Milan probably isn’t the first city to come to mind when you think of Italy — who could go without visiting Rome or Venice? I’d been to Italy before to visit family and more tourist-friendly spots, but the longest I’d ever stayed in the country’s second largest city, home to around five million people, was three hours on my way through to Switzerland.
After completing a study exchange in Central Italy, visiting family in the south and spending a few days with a friend in Veneto, I found myself on a packed train bound for Milano Centrale where I was going to spend two weeks with a friend and her family over Christmas.
Whenever I’d speak to Italians about how I wanted to go back to Milan and explore the city, they’d always tell me I was stupid, that i milanesi are cold and rude and the city is grey, industrial and dirty. In other words, I was going to have a shit time.
What I found when I got off the train couldn’t have been more different. I saw a warm, thriving, clean (okay, so it was a little gritty but who doesn’t love a bit of that?) and internationally connected yet very Italian city. The streets were open and bustling, old palaces and galleries stood perfectly maintained next to colourful apartments and busy shops. People were out in groups, hopping on and off the iconic trams and visibly enjoying life.
What surprised me most, however, was how seamlessly I could blend into a city completely foreign and new to me. In Australia we have this idea that Italians have dark skin and dark features, but as a half-Italian with a German father whose origins are in Berlin, I didn’t inherit many of those dark features from my mother. Milan is a multicultural city in the north close to Switzerland, France and Austria where it’s not uncommon for people to have blue eyes, orange hair, or like me, light to dark brown features.
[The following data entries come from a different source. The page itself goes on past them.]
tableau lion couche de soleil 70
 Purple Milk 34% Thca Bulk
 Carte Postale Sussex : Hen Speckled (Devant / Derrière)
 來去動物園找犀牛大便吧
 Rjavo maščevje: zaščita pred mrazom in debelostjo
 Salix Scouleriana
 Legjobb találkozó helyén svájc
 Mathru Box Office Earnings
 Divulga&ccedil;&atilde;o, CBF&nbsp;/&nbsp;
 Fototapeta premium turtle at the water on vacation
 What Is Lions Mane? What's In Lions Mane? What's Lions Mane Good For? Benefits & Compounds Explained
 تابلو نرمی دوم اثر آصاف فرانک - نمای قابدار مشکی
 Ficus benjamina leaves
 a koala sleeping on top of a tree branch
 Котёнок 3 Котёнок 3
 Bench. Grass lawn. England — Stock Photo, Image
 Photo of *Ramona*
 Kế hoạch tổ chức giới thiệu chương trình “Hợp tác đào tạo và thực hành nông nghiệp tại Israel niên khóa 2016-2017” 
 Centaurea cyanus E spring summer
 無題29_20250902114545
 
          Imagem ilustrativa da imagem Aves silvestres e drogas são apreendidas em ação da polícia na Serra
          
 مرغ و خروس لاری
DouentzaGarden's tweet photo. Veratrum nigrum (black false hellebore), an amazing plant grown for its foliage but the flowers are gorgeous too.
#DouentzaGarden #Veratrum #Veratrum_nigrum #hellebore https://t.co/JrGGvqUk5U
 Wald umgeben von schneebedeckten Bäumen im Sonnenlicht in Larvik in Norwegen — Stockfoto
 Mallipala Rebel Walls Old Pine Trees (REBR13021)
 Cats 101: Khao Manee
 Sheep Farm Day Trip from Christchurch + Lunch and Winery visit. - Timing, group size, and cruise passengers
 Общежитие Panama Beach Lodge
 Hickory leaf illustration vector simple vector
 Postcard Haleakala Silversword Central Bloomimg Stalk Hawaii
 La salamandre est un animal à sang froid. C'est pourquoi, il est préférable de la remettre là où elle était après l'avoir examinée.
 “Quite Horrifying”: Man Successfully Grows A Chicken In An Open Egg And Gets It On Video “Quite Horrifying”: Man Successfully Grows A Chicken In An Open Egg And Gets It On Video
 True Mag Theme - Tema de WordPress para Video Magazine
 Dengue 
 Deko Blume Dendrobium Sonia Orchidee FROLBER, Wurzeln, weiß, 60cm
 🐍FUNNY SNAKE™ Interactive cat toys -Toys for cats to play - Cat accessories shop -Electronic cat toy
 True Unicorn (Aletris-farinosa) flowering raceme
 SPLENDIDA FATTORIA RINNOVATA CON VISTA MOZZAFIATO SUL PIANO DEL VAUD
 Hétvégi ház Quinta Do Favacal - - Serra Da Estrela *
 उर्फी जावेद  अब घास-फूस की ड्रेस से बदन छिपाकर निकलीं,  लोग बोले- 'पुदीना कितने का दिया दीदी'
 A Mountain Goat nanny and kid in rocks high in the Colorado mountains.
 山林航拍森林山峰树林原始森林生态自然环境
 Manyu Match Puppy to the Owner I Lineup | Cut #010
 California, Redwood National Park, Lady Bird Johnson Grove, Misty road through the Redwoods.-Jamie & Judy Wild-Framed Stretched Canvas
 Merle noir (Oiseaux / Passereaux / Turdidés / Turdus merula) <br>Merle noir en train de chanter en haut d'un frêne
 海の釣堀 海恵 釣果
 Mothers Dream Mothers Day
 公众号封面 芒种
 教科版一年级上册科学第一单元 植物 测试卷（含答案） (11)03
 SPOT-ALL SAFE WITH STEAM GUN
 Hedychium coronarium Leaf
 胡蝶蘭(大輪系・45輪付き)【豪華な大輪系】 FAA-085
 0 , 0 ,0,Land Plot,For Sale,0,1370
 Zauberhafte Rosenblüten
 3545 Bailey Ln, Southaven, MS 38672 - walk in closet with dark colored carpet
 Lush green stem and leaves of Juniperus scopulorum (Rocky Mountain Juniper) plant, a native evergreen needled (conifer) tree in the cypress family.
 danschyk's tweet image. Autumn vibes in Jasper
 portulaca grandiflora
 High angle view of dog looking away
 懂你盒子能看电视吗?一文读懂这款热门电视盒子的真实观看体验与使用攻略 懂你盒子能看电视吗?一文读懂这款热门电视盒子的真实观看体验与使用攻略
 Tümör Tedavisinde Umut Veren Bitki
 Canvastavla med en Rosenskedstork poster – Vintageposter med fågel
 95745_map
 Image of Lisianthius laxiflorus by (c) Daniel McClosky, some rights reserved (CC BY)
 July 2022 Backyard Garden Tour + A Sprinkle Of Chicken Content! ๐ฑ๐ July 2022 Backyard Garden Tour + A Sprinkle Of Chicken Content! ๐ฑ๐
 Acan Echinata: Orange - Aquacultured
It’s a strange feeling being able to fit into a place you’ve never been. Usually when travelling overseas you’re an outsider, you know you don’t speak the same language, look, or even dress the same way as many of the locals. In Lombardia with my friends, however, I felt like I could simply slip in to the city and explore without being treated like a dumb, English-speaking tourist which was ultimately a huge benefit since I was in the country to learn Italian in the first place. I was given a more intimate look into the local culture and language — something that isn’t often granted to tourists.
Sure, we did some things only tourists do. We climbed the Duomo and took corny pictures of the cityscape from the rooftop, but we also went to quarters most visitors would never step foot in and enjoyed the Italian lifestyle the Milanese way. At museums and galleries like the Museo del Novecento, I was spoken to only in Italian; when ordering espresso at coffee bars nobody initiated conversation in English; on the streets I was often asked by Italians which metro stop we were at or for directions around town.
It was only after people heard my accent that they would either shit themselves at the thought of having to speak English or they’d look me up and down wondering how someone who looked like them and could speak their language seemed so different.
Fitting into a foreign place is strange but great. You get the benefits of constantly practising another language, people don’t treat you differently because you’re a foreigner, you meet and talk to people on a more personal level and you don’t have street vendors pushing crappy umbrellas in your face because it’s about to rain — ‘hi sir special price just for you’. The city took me in with open arms, my friends made sure I experienced as much as possible and I did it all just like a local Milanese.